**Aim of the task:**
Using the data below, set down every line from the one containing "Well, hello there." through the one containing "You know what", inclusive and unchanged. Pictures are to be skipped.

**Record extracts:**

=-=-=-=-=

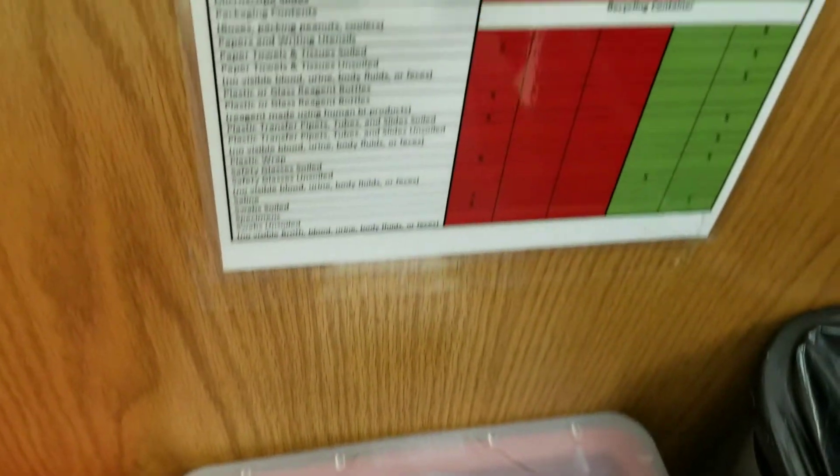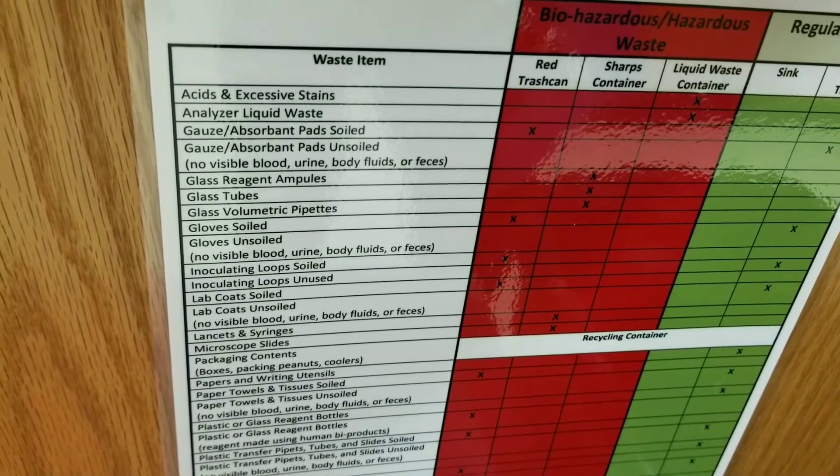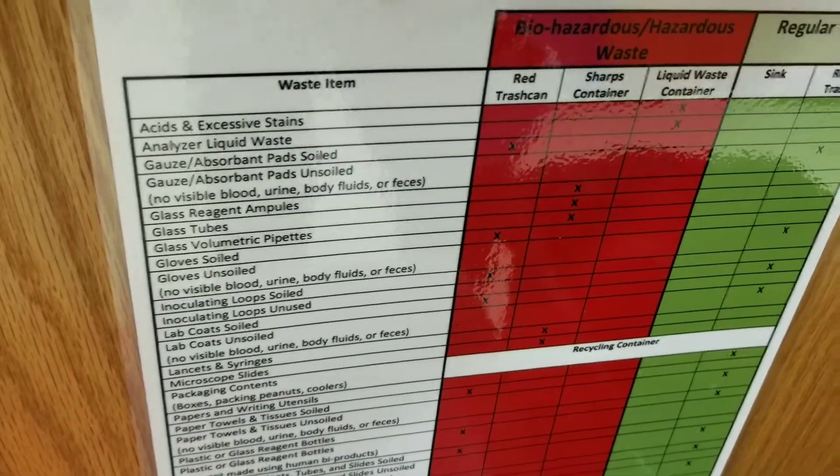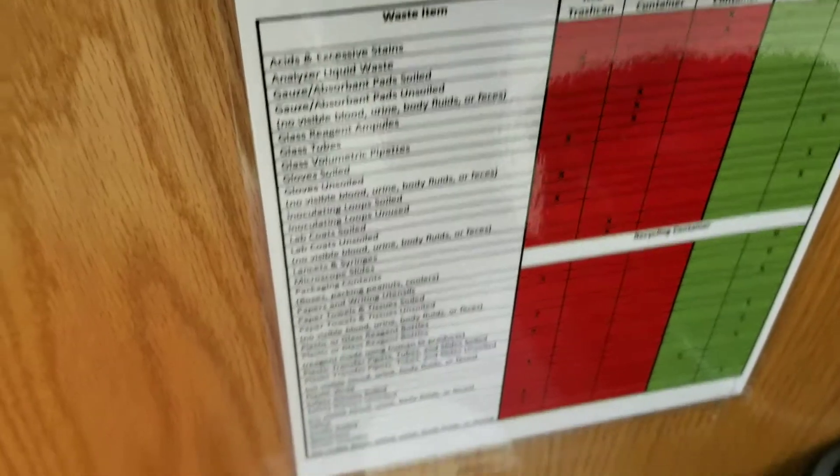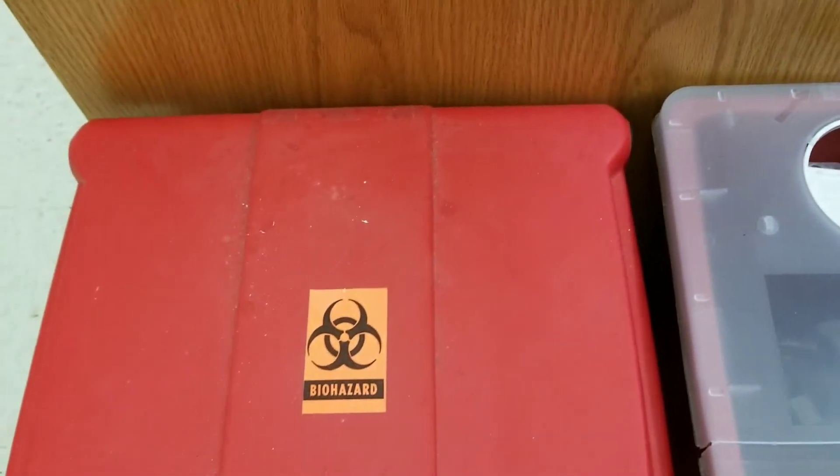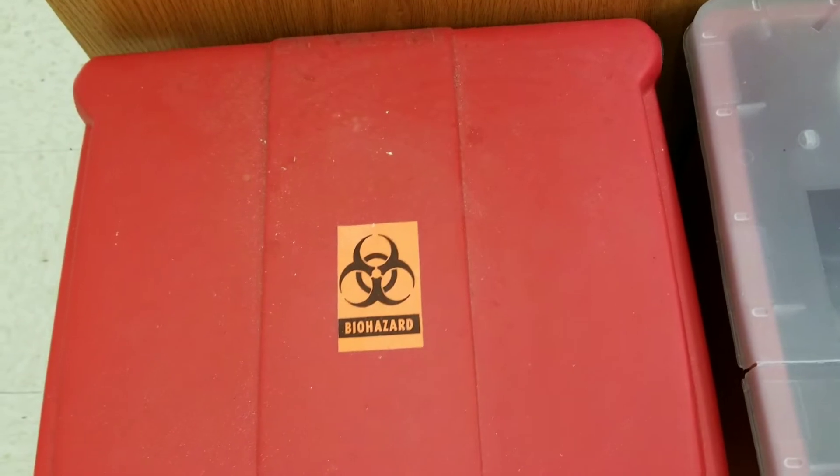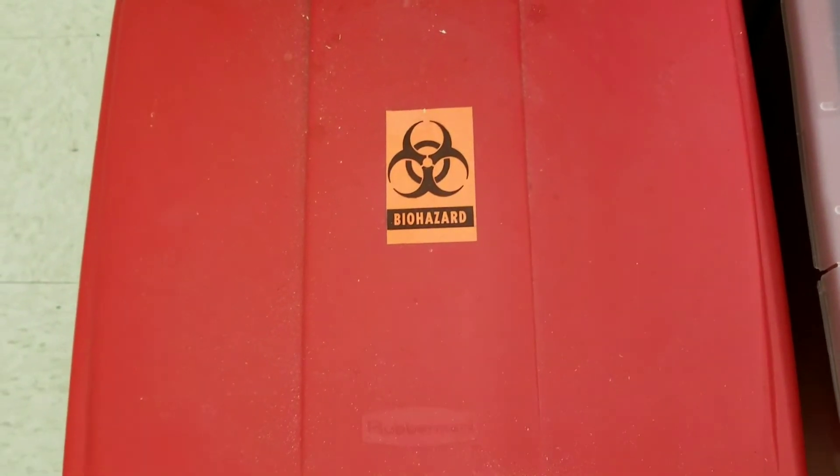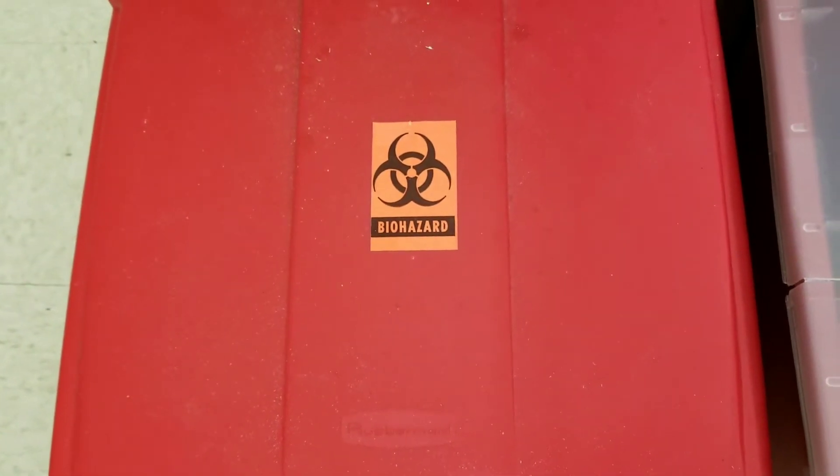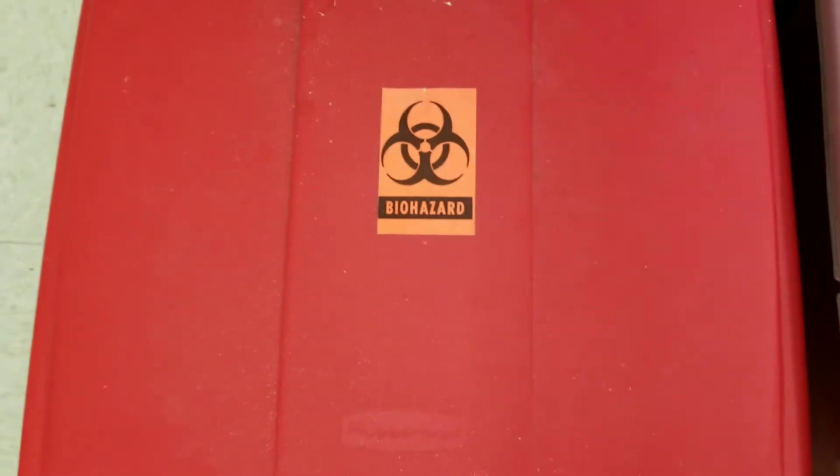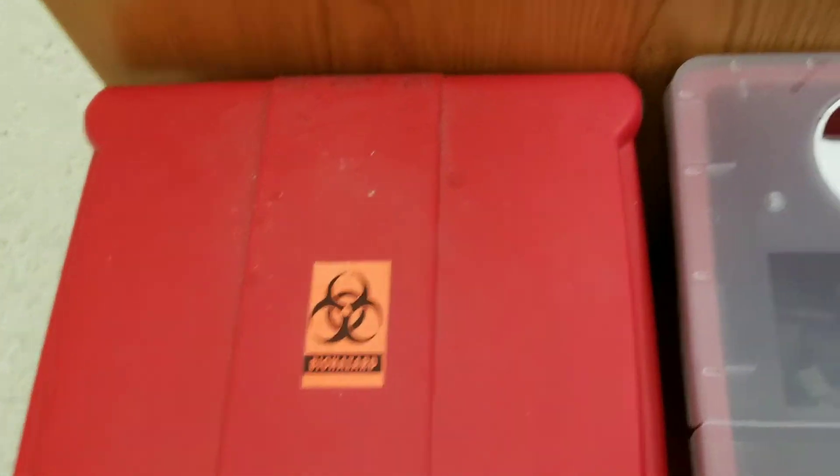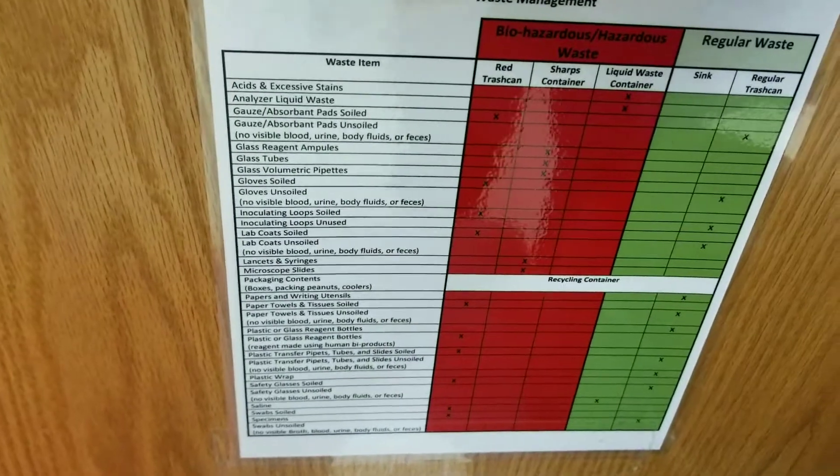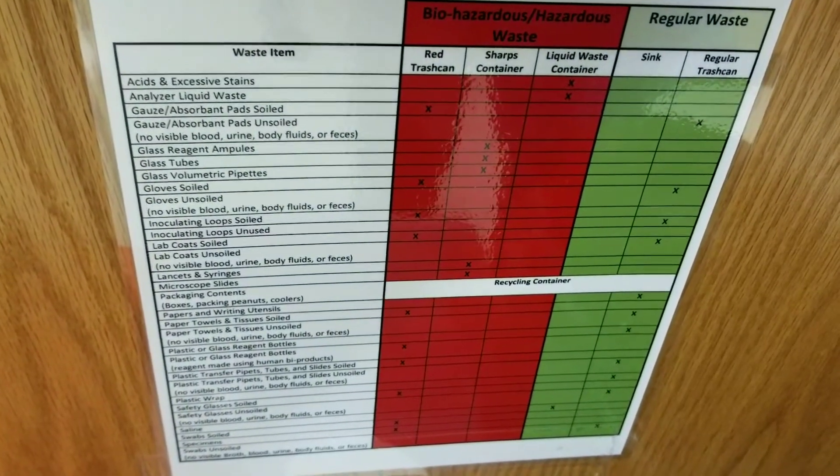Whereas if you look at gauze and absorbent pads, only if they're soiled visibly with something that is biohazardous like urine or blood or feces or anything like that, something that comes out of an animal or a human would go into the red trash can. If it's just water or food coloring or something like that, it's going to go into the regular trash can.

=-=-=-=-=

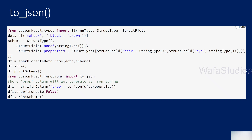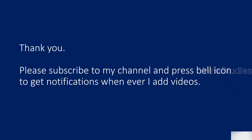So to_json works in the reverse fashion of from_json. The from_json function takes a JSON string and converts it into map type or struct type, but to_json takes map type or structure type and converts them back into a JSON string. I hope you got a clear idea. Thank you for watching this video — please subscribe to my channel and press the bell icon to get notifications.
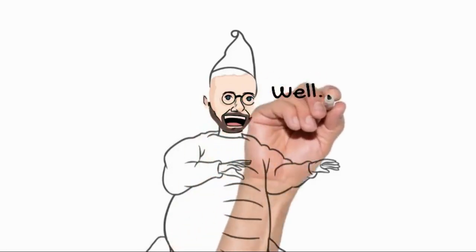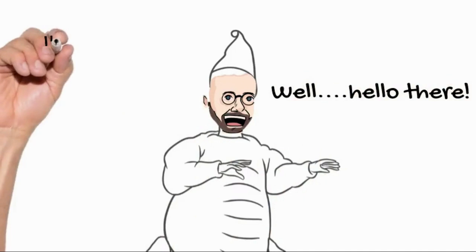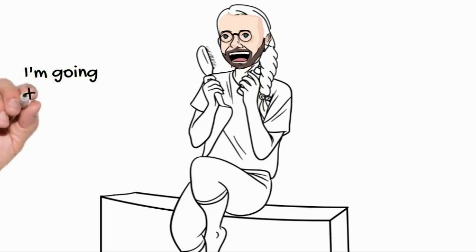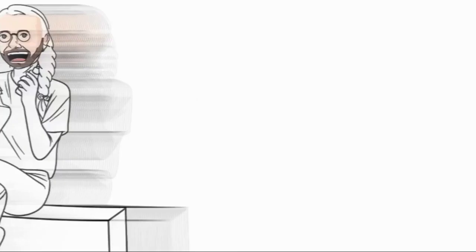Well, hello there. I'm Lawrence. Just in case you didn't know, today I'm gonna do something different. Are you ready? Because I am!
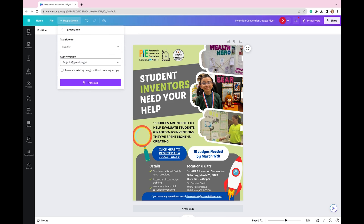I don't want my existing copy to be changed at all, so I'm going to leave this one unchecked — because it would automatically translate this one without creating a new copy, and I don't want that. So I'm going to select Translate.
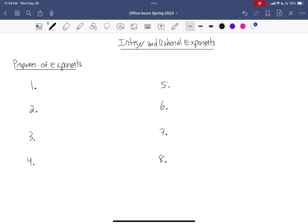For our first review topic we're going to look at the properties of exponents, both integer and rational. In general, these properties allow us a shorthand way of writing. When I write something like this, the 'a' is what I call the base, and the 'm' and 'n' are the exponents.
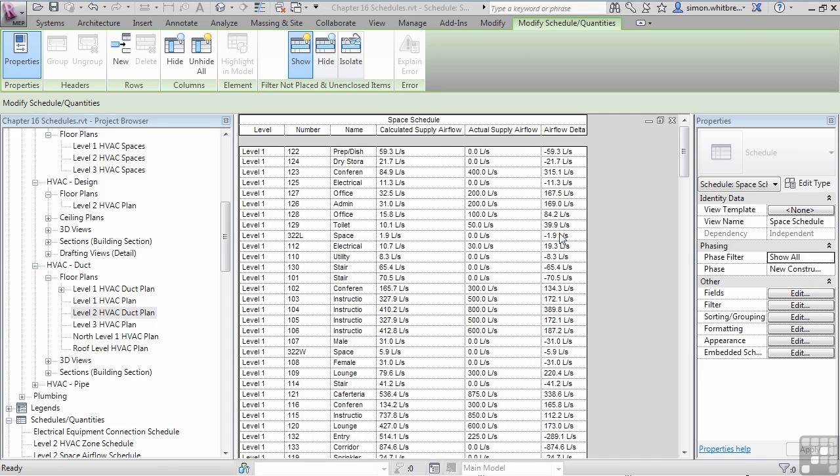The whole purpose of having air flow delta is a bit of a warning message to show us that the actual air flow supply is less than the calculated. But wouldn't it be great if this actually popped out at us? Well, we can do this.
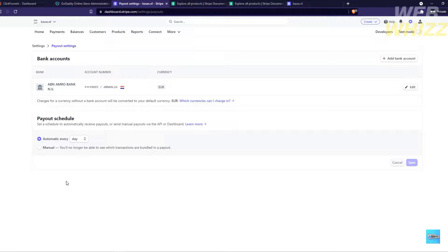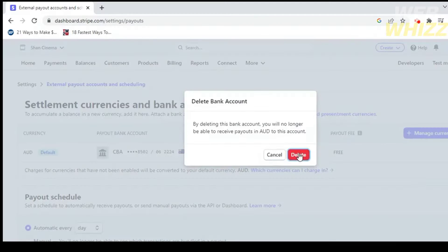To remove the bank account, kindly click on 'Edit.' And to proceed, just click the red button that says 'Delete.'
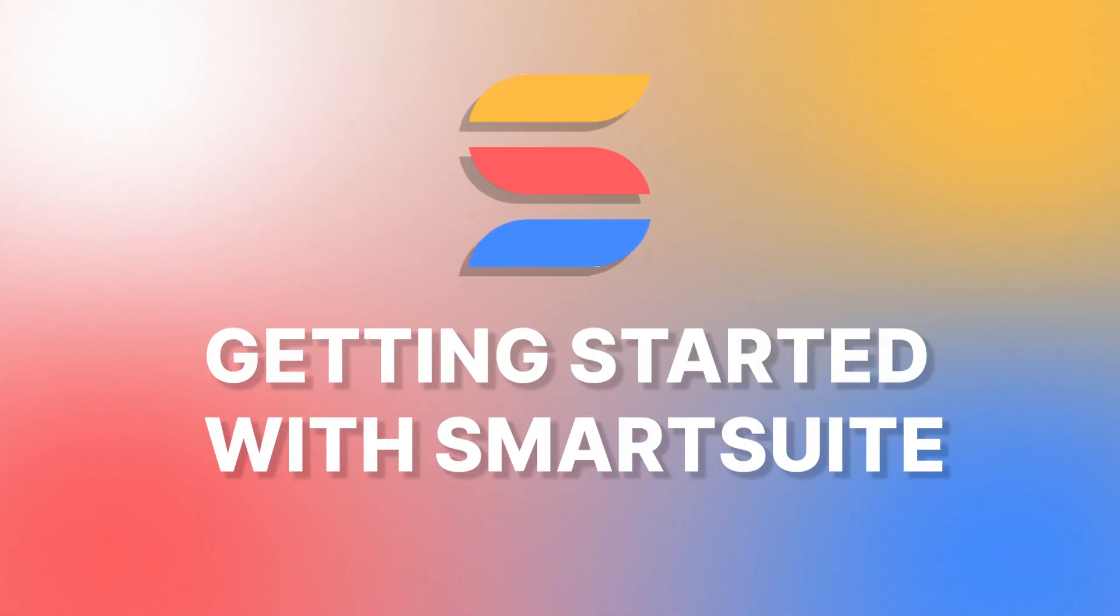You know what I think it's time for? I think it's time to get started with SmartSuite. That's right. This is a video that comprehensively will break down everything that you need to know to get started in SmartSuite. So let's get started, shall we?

=-=-=-=-=

**Output:**
Well, hello there. I'm Lawrence. Just in case you didn't know, today I'm gonna do something different. Are you ready? Because I am!
I don't want my existing copy to be changed at all, so I'm going to leave this one unchecked — because it would automatically translate this one without creating a new copy, and I don't want that. So I'm going to select Translate.
For our first review topic we're going to look at the properties of exponents, both integer and rational. In general, these properties allow us a shorthand way of writing. When I write something like this, the 'a' is what I call the base, and the 'm' and 'n' are the exponents.
The whole purpose of having air flow delta is a bit of a warning message to show us that the actual air flow supply is less than the calculated. But wouldn't it be great if this actually popped out at us? Well, we can do this.
To remove the bank account, kindly click on 'Edit.' And to proceed, just click the red button that says 'Delete.'
You know what I think it's time for? I think it's time to get started with SmartSuite. That's right. This is a video that comprehensively will break down everything that you need to know to get started in SmartSuite. So let's get started, shall we?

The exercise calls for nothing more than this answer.